But our riots are not political, much of our youth is apolitical and don't turn out to vote or watch the news. Our riots reflect our society. It was about looting and violence, where a young Malaysian boy 's jaw is broken and his bike looted as well as shops being looted. It was about mindless violence and burning small shopkeepers' businesses and people's cars for no reason.

The left wing New Statesman's article says it wasn't about government cuts, because many have not even started yet.

'If the left is to create the intellectual space for such a debate, it must be far clearer about what those causes were. The riots were not, as some have claimed, an uprising or insurrection against the coalition's spending cuts. Many of the cuts deemed responsible for the violence have not even taken effect. This is not to say that the cuts will not make matters worse. Rather, it is to say that placing an undue and politically convenient emphasis on their role risks masking the social and economic deformities that lie beneath the violence.'

The New Statesman says what politicians and think-tanks of all parties and persuasions having been saying for years, that family breakdown is a factor.

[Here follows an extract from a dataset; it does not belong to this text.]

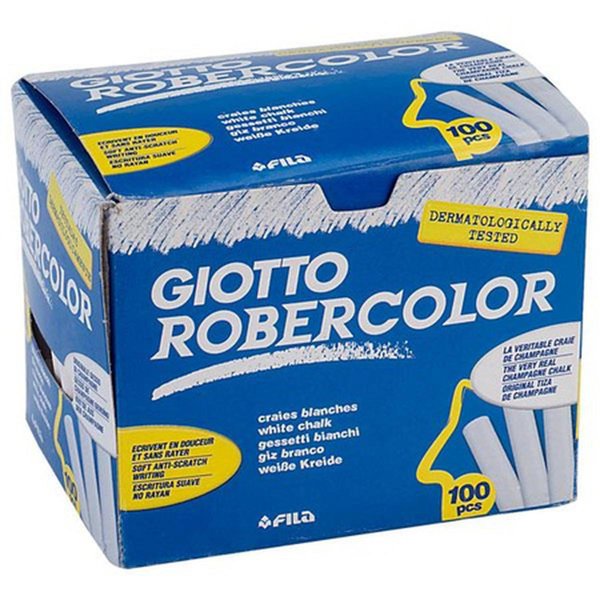 GIOTTO Robercolor Tebeşir 100 Lü Beyaz resmi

'Labour and the wider left must pay greater attention to those cultural factors - most notably family breakdown - that they have too often downplayed. All of our politicians need to think deeply about how the urban poor have been disenfranchised by globalisation; how our culture has been coarsened and debased by life­style libertarianism.'

The New Statesman calls it for what it is, unlike some politicians who are trying to make political capital out of these events by blaming it on government cuts.

www.newstatesman.com/uk-politics/2011/08/riots-violence-social-speed

Solopower · 14/08/2011 19:58

Claig, I think some of the young people involved in the riots just feel powerless and angry against society. They see conspicuous consumption by rich people and want what they have.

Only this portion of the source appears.